También habrá quien eche en falta un mayor papel de intervención geopolítica por parte de Estados Unidos, en proceso de clara retirada en la región, situación que ha dejado un vacío que esperan llenar y por el que compiten Turquía e Irán, en una interesante vuelta a loque fueron los últimos 500 años de rivalidad en el mundo árabe entre los imperios Otomano y Persa.

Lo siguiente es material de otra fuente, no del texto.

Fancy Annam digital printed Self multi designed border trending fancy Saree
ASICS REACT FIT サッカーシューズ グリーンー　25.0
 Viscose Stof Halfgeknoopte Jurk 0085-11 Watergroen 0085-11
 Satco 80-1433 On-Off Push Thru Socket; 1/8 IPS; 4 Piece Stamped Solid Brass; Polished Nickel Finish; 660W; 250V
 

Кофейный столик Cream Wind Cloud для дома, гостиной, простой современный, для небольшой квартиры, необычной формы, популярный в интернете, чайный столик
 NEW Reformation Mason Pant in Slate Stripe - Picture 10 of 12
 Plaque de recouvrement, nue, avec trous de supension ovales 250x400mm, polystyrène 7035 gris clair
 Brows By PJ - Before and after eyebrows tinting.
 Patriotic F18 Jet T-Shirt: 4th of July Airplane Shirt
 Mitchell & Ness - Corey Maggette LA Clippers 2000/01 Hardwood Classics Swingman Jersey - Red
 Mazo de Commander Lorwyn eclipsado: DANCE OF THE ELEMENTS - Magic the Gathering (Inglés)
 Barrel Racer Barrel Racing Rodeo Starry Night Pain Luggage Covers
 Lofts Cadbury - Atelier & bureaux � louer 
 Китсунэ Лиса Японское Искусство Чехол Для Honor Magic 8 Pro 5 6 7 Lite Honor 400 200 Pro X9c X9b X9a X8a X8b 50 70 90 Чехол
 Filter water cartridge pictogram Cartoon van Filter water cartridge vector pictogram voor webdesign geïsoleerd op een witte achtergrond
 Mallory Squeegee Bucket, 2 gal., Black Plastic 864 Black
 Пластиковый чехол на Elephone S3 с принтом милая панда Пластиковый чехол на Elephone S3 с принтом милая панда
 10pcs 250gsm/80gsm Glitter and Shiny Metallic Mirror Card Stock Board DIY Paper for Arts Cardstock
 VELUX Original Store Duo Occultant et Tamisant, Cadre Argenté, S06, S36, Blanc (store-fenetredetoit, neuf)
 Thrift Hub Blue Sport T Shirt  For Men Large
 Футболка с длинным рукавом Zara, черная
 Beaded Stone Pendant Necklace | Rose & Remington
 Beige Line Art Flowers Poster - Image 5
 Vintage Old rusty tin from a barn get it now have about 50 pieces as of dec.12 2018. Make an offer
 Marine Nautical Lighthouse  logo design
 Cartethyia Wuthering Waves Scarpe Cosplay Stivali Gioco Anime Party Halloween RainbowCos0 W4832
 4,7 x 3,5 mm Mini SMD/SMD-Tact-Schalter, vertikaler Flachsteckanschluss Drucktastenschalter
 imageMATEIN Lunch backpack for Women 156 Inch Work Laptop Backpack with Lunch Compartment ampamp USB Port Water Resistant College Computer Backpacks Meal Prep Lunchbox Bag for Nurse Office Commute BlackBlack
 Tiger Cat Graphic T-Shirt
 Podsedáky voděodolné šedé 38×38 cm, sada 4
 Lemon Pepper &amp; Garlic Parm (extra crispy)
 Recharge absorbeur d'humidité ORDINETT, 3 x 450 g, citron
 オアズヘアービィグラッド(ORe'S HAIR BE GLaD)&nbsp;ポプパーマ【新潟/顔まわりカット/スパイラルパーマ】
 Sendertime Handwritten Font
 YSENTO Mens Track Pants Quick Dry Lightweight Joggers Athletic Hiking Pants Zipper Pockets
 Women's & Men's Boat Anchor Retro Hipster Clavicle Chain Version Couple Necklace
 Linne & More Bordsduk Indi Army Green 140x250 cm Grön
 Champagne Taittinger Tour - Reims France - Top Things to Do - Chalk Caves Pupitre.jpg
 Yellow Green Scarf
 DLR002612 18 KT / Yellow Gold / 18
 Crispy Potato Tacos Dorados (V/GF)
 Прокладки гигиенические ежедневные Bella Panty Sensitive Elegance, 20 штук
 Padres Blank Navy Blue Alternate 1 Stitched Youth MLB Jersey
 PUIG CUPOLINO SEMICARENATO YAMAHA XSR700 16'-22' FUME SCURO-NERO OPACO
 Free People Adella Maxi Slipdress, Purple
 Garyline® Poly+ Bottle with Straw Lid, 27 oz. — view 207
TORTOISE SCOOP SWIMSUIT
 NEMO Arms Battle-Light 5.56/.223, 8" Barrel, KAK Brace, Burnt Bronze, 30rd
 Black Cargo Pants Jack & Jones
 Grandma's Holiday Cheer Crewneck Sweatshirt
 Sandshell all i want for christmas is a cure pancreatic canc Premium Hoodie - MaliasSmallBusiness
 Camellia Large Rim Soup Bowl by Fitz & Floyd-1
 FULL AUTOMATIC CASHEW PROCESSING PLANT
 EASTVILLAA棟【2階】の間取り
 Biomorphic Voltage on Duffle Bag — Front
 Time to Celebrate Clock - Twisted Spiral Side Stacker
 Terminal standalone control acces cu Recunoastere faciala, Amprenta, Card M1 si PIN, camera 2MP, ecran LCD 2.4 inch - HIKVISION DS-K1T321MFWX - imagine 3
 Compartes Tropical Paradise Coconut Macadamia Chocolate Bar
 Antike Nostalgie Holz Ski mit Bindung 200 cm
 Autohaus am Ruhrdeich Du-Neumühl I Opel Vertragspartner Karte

Precisamente en el punto central de esta competición se sitúa el conflicto sirio, cuyo gobierno es apoyado por Irán y con importantes implicaciones sobre la continuidad del movimiento chií Hezbolá en el Líbano, ya que la caída del actual gobierno y consiguiente abandono por parte de Siria de la órbita de control de Teherán, haría vulnerable en la región no solamente al movimiento Hezbolá sino al propio Irán, y ya se sabe lo peligroso que puede llegar a ser un animal herido.
Es en cualquier caso el camino que abrió la primavera árabe, aunque no sepamos muy bien hacia dónde conduce y cuáles son los nuevos riesgos geopolíticos de la región.